C’est ainsi que j’abordais la période dès le mercredi des Cendres sans vin ni bière en toute discrétion. Le samedi de Pâques, le moment de vérité était venu. Je pus faire le bilan. Le résultat fut dégrisant, au sens propre du terme. J’ai bien passé à sec le carême. A chaque occasion où l’on m’a offert un verre de blanc, je l’ai aimablement accepté avec remerciement. J’ai trinqué avec tout mon entourage. Puis j’ai laissé passer à l’as le verre encore plein aussi discrètement que possible. Personne n’avait remarqué mon jeûne. Le résultat de la prétendue perte de poids était tout aussi peu spectaculaire. Pas un gramme de moins. Pas un gramme de plus. Le troisième résultat du sevrage de la drogue ne s’était pas non plus déroulé comme je l’avais attendu. Pendant tout ce temps, je n’ai pas remarqué qu’il manquait quelque chose.
C’était décevant. J’aurais tellement aimé être discipliné. Résister à toutes les tentations. Je ne pouvais même pas me prouver à moi-même à quel point j’avais une volonté de fer. Aucune envie irrépressible ne se manifestait. Tout à coup, c’était Pâques, et je n’avais même pas une grande envie d’un verre de vin. C’est bon signe, si l’on y réfléchit. Pas la moindre trace de dépendance. Art Furrer avait raison. Changer de temps en temps une habitude qui nous est chère a du bon physiquement. L’esprit aussi avait réagi à la nouvelle situation. 40 jours à sec. Dans la tête, l’exercice déclenchait une contemplation particulière. De telles retraites ont un sens.

Plus je réfléchis à la déclaration d’Art Furrer, plus son message s’ancre profondément dans ma mémoire. Pourquoi l’abstinence de nourriture et d’excitants est-elle si actuelle? Des amis à moi se mettent au régime sec pendant tout le mois de janvier, juste après la célébration du nouvel an. D’autres s’abstiennent de consommer de la viande. Le jeûne est présent dans presque toutes les cultures évoluées.
Qui ne connaît pas le ramadan de l’Islam et les cultures du jeûne dans l’Ancien Testament?
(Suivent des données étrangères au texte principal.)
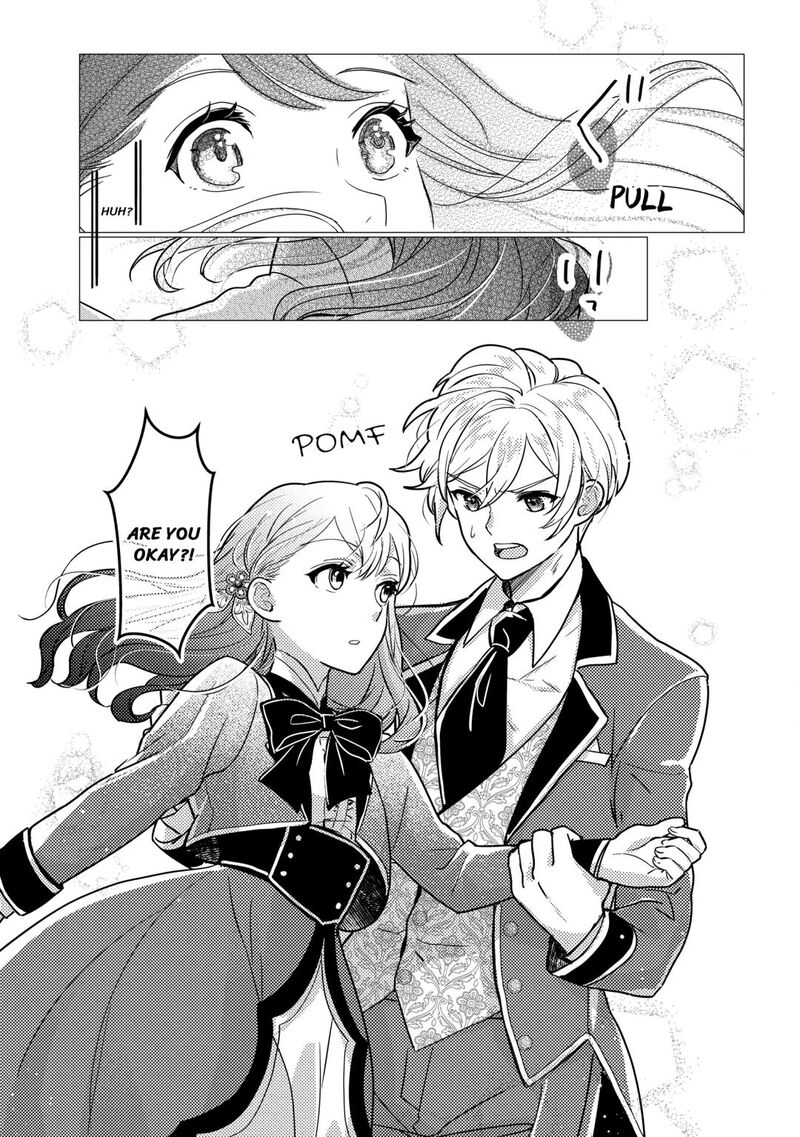 Mob Nanoni Makikomarete Imasu Ouji No Ibukuro Wo TsukandarashII 15 15
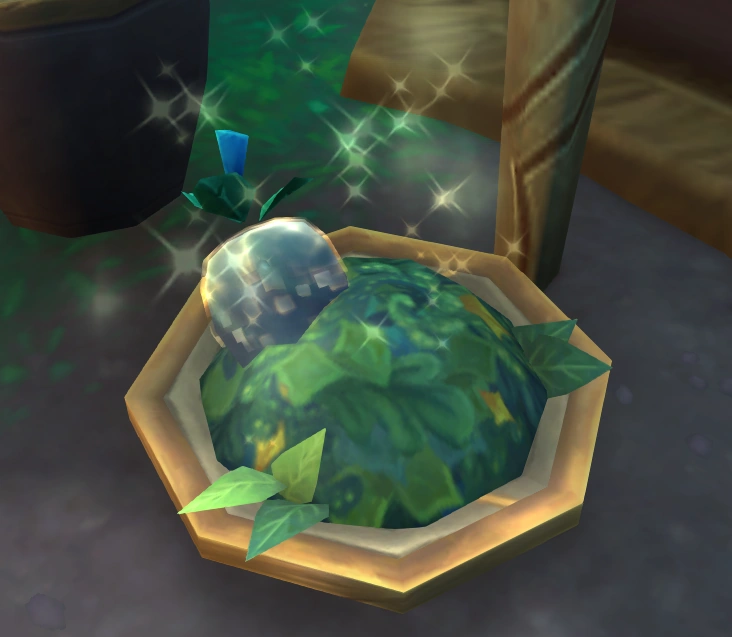 Mysterious Fruit (Zereth Mortis) Wowpedia Your wiki guide to the
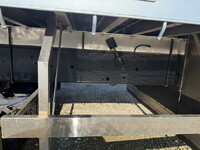 ISUZU Giga Flat Body QPG-CYL77B 2016 465,527km_20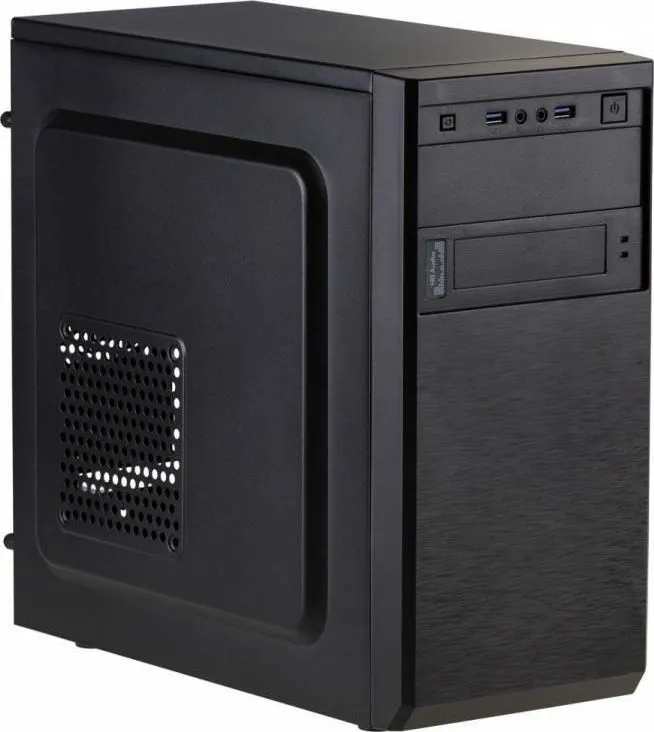 Kasë Akyga AK17BK, Micro Tower - 1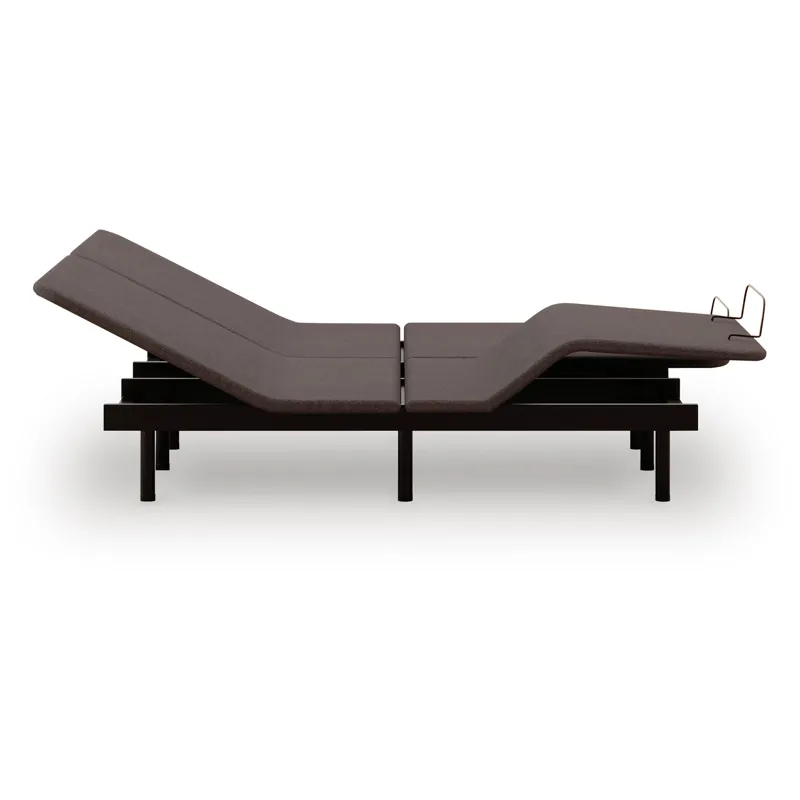 Comfort Classic Adj Base Split California King Adjustable Base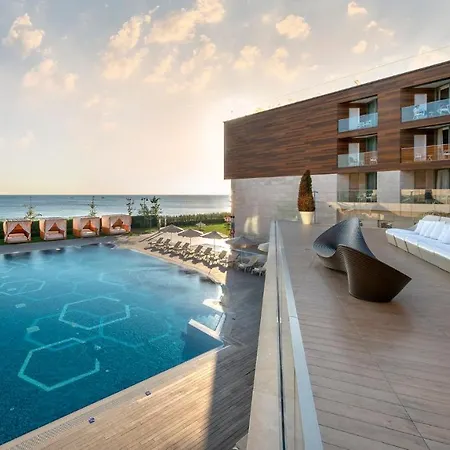 Ξενοδοχείο Crowne Plaza Florya By Ihg 5*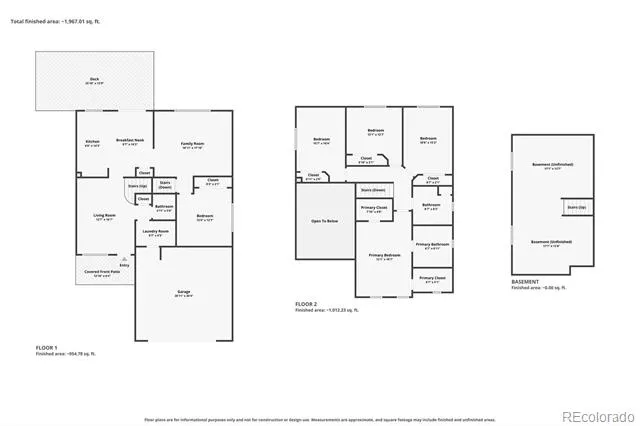 20502 E Union Avenue Aurora, CO 80015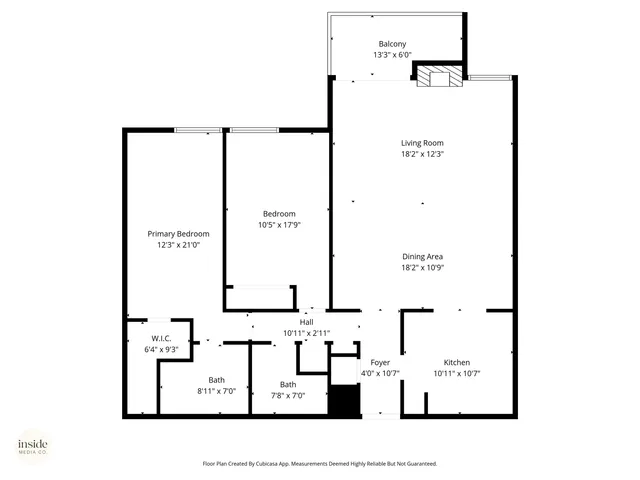 $285,000 | 1311 South Westcliff Place, Unit 504, Spokane, WA 99224
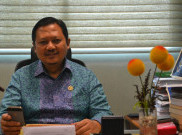 DPR Minta KNKT Segera Selesaikan Investigasi Kecelakaan Sriwijaya Air SJ-182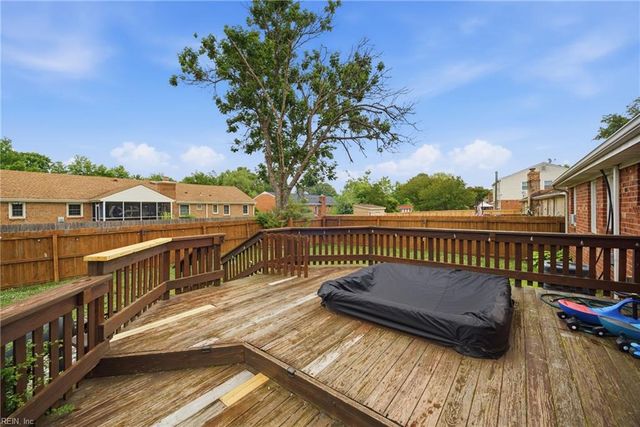 3436 Petunia CRES, Virginia Beach, VA 23453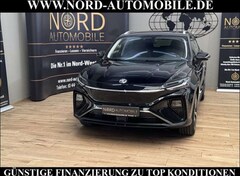 Bild des Angebotes MG Marvel R LUXURY *WÄRMEPUMPE*LEDER*19Z*PANO*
Le jeûne est bien plus qu’une seule pratique religieuse. On sait également que le jeûne favorise la perception et renforce la volonté. On dit même qu’il retarde le processus de vieillissement chez les humains. Au Moyen Âge, il s’agissait d’une mortification. Aujourd’hui, je pense que dans le monde moderne, il s’agit de la force de la privation volontaire. Pour avoir l’esprit libre dans le quotidien. D’avoir le temps d’échapper au train-train journalier. Un renoncement volontaire. Une semaine sans télévision. Deux semaines sans téléphone portable.

Le jeûne devient ainsi un élément d’organisation d’une vie indépendante et saine. Ce n’est pas nouveau. Le célèbre médecin grec de l’Antiquité, Hippocrate, recommandait le jeûne thérapeutique pour maintenir le corps en bonne santé. C’est le point central. Il s’agit de maintenir la santé du corps et de l’esprit. Pour cela, il existe de nombreuses possibilités efficaces. L’une d’entre elles est le jeûne.

Une tendance se dégage à cet égard. La tendance à redécouvrir d’anciennes traditions médicales ou religieuses. De relancer la quête de concentration, d’illumination et de rédemption.